NEW YORK — New York City Mayor Michael Bloomberg took to the airwaves on Friday to discuss how his administration’s efforts to make public housing increasingly inhospitable would lead to a substantial reduction both in crime and occupancy.
With Bloomberg’s original plan to stop and arrest anyone seemingly out of place in the housing units under review by the same judge that recently declared the NYPD’s stop-and-frisk practice unconstitutional, the mayor vowed to continue his indirect efforts to expel what he calls a “major blight from our fair city.”
“I hope Judge Scheindlin recognizes that the wrongful stops and arrests that inspired the lawsuit before her were not merely cases of indiscriminate racial profiling but were deliberate attempts to make living in public housing less appealing, so that tenants and their guests would decide to self-deport to places outside of New York.”
Currently, the New York City Housing Authority’s 334 buildings accommodate 5 percent of the city’s population but 20 percent of the overall crime. “The people that live there, most of them, want more police protection,” said Bloomberg during his weekly appearance on WOR Radio.
“What we really should have is fingerprinting to get in,” he suggested. “My guess is that very few would want to live under that level of stigmatization and would soon vacate, making room for new commercial real estate—the true lifeblood of the city.”

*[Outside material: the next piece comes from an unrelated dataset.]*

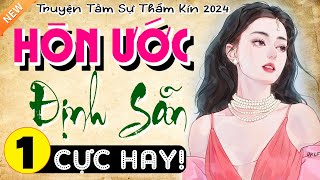 MỚI amp Cực Hay Truyện tâm lý hôn nhân gia đình 2024 Hôn Ước Định Sẵn  Tập 1  MC Thùy Mai kể [upl. by Aracot]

Not everyone agrees with the mayor’s plan, however. “Public housing residents, as well as their friends and family members visiting them, deserve the same level of respect from our mayor as any other New York City resident,” claimed Sherrilyn Ifill, president and director-counsel of the NAACP Legal Defense and Educational Fund.
Democratic mayoral candidates seeking to succeed Bloomberg also were quick to criticize the proposal. Former Comptroller Bill Thompson released a statement saying, “Just like stop-and-frisk, this is another direct act of treating minorities like criminals.”

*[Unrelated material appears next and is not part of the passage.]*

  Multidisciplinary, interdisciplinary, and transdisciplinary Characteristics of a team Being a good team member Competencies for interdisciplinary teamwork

“Mayor Bloomberg wants to make New Yorkers feel like prisoners in their own homes,” continued Thompson, an accusation with which Bloomberg disagrees on two counts.
“Firstly,” replied Bloomberg, “we’re only targeting certain undesirables, not all New Yorkers. And secondly, unlike prisoners, these individuals are free to pack up and go elsewhere whenever they want. Perhaps they’d feel more at home in Newark, New Jersey,” where, in 2012, there were 33.1 murders for every 100,000 citizens.
A similar plan to require fingerprints from food stamp applicants was struck down by Gov. Andrew Cuomo last year. Undaunted, Bloomberg maintains that the policies themselves are often less important than the implied disdain associated with the proposals.
Bloomberg insisted that “tenants should be grateful for this paternalistic nudge. Newark is a springboard for a better life. Just look at Newark Mayor Cory Booker, who is well on his way to becoming a U.S. Senator now.”
“Still,” noted Bloomberg, “for the obvious reasons, I would ask that Booker be patted down before he entered my house.”